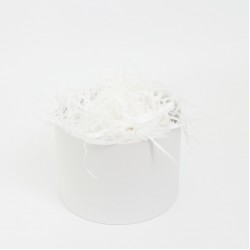 Papīra skaidas 100g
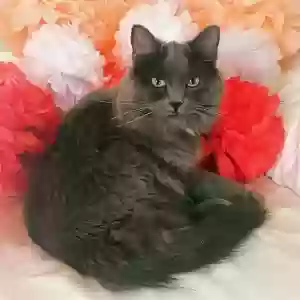 adoptable Cat in Prescott, AZ named Mia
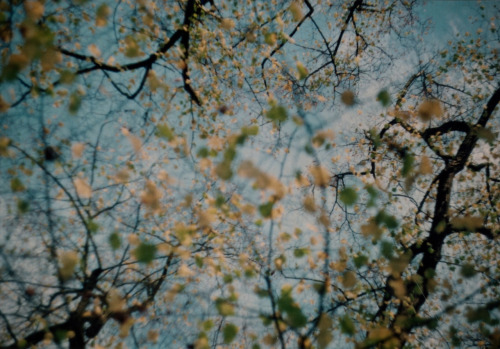 Terry Magson Analogue Photographer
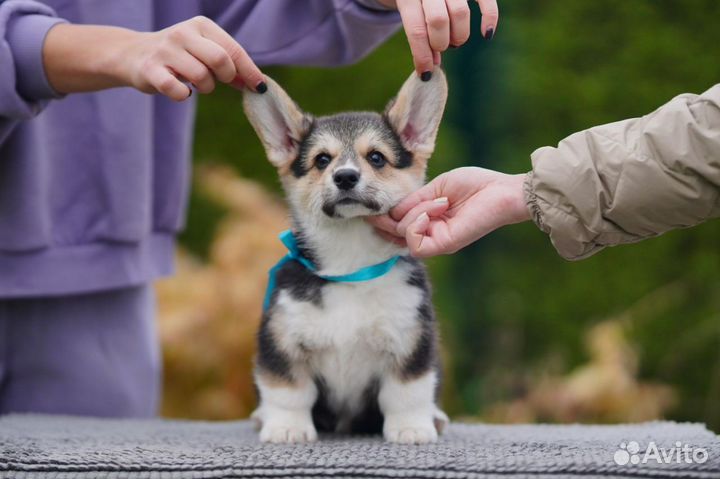 Вельш корги щенки 3,5 мес. Питомник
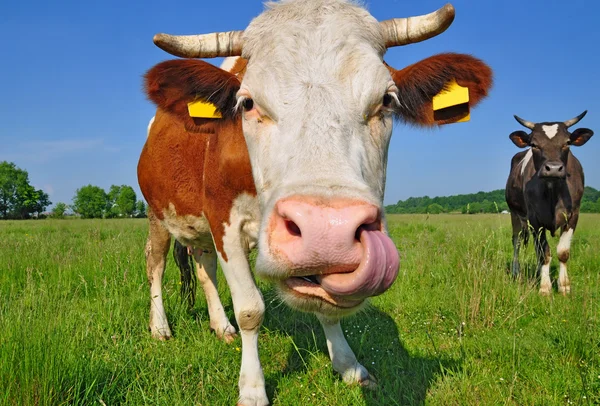 stock image Cow on a summer pasture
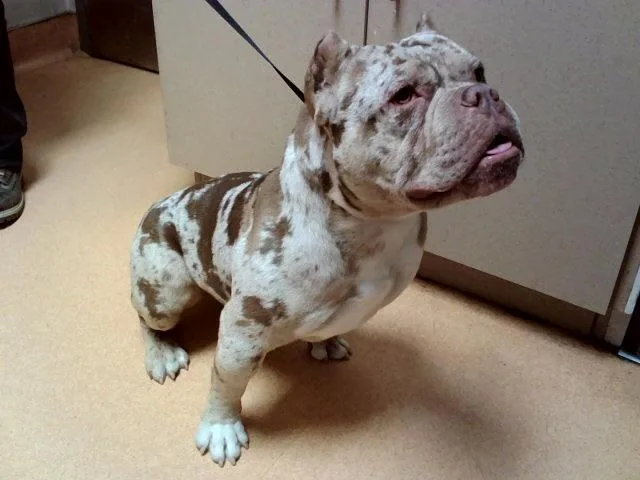 A young large-sized male American Bulldog dog named Motley for adoption in Martinez, CA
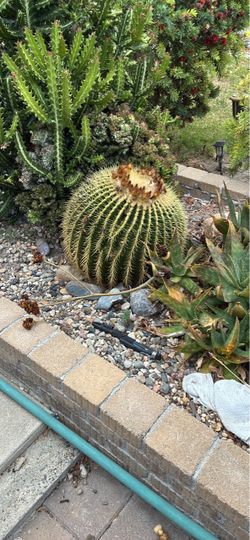 Barrel cactus. This is a lg one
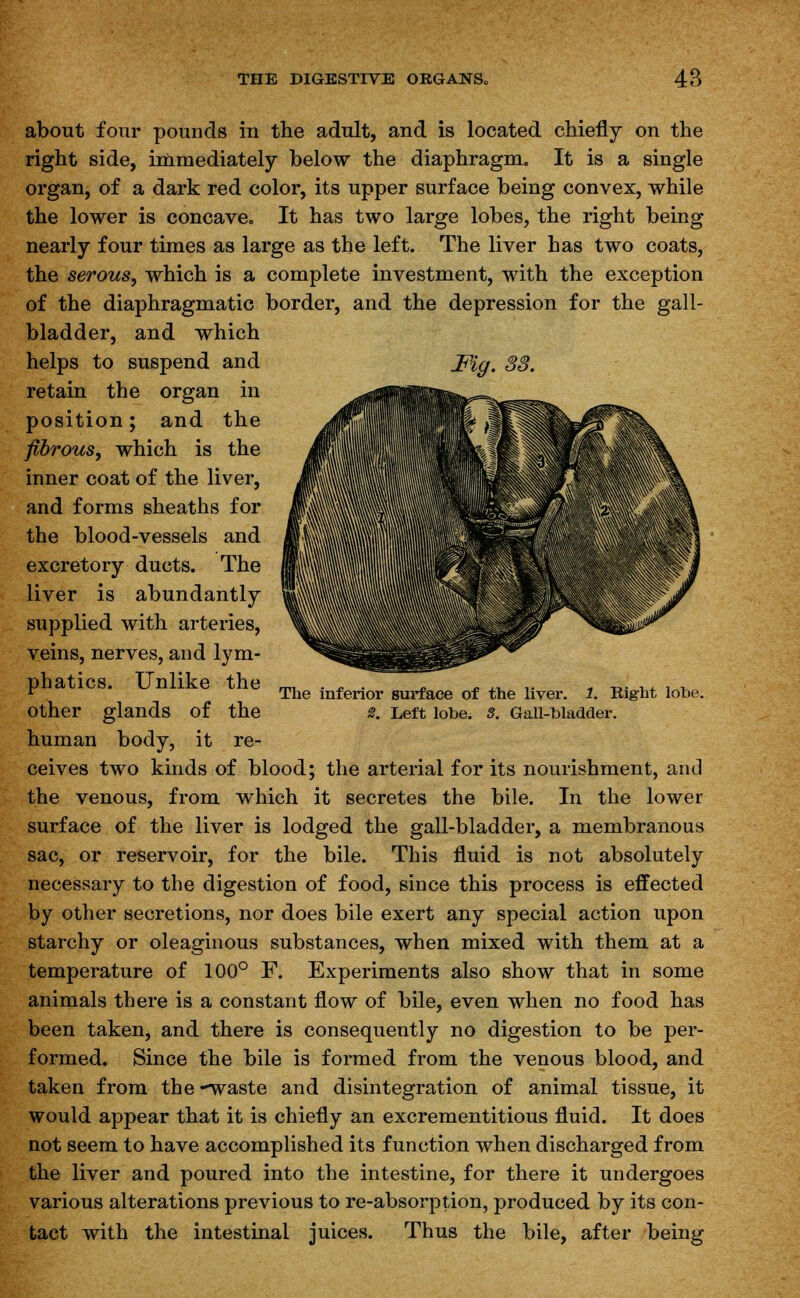 about four pounds in the adult, and is located chiefly on the right side, immediately below the diaphragm. It is a single organ, of a dark red color, its upper surface being convex, while the lower is concave. It has two large lobes, the right being nearly four times as large as the left. The liver has two coats, the serous, which is a complete investment, with the exception of the diaphragmatic border, and the depression for the gall- bladder, and which helps to suspend and retain the organ in position; and the fibrous, which is the inner coat of the liver, and forms sheaths for the blood-vessels and excretory ducts. The liver is abundantly supplied with arteries, veins, nerves, and lym- phatics. Unlike the other glands of the human body, it re- ceives two kinds of blood the venous, from which The inferior surface of the liver. 1. Right lobe. 2. Left lobe. 3. Gall-bladder. i the arterial for its nourishment, and it secretes the bile. In the lower surface of the liver is lodged the gall-bladder, a membranous sac, or reservoir, for the bile. This fluid is not absolutely necessary to the digestion of food, since this process is effected by other secretions, nor does bile exert any special action upon starchy or oleaginous substances, when mixed with them at a temperature of 100° F. Experiments also show that in some animals there is a constant flow of bile, even when no food has been taken, and there is consequently no digestion to be per- formed. Since the bile is formed from the venous blood, and taken from the -waste and disintegration of animal tissue, it would appear that it is chiefly an excrementitious fluid. It does not seem to have accomplished its function when discharged from the liver and poured into the intestine, for there it undergoes various alterations previous to re-absorption, produced by its con- tact with the intestinal juices. Thus the bile, after being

_About this exercise_
If pictures are present, they are dropped, and the entries above are written out word for word.

_Reply to the task_
 Papīra skaidas 100g
 adoptable Cat in Prescott, AZ named Mia
 Terry Magson Analogue Photographer
 Вельш корги щенки 3,5 мес. Питомник
 stock image Cow on a summer pasture
 A young large-sized male American Bulldog dog named Motley for adoption in Martinez, CA
 Barrel cactus. This is a lg one
 about four pounds in the adult, and is located chiefly on the right side, immediately below the diaphragm. It is a single organ, of a dark red color, its upper surface being convex, while the lower is concave. It has two large lobes, the right being nearly four times as large as the left. The liver has two coats, the serous, which is a complete investment, with the exception of the diaphragmatic border, and the depression for the gall- bladder, and which helps to suspend and retain the organ in position; and the fibrous, which is the inner coat of the liver, and forms sheaths for the blood-vessels and excretory ducts. The liver is abundantly supplied with arteries, veins, nerves, and lym- phatics. Unlike the other glands of the human body, it re- ceives two kinds of blood the venous, from which The inferior surface of the liver. 1. Right lobe. 2. Left lobe. 3. Gall-bladder. i the arterial for its nourishment, and it secretes the bile. In the lower surface of the liver is lodged the gall-bladder, a membranous sac, or reservoir, for the bile. This fluid is not absolutely necessary to the digestion of food, since this process is effected by other secretions, nor does bile exert any special action upon starchy or oleaginous substances, when mixed with them at a temperature of 100° F. Experiments also show that in some animals there is a constant flow of bile, even when no food has been taken, and there is consequently no digestion to be per- formed. Since the bile is formed from the venous blood, and taken from the -waste and disintegration of animal tissue, it would appear that it is chiefly an excrementitious fluid. It does not seem to have accomplished its function when discharged from the liver and poured into the intestine, for there it undergoes various alterations previous to re-absorption, produced by its con- tact with the intestinal juices. Thus the bile, after being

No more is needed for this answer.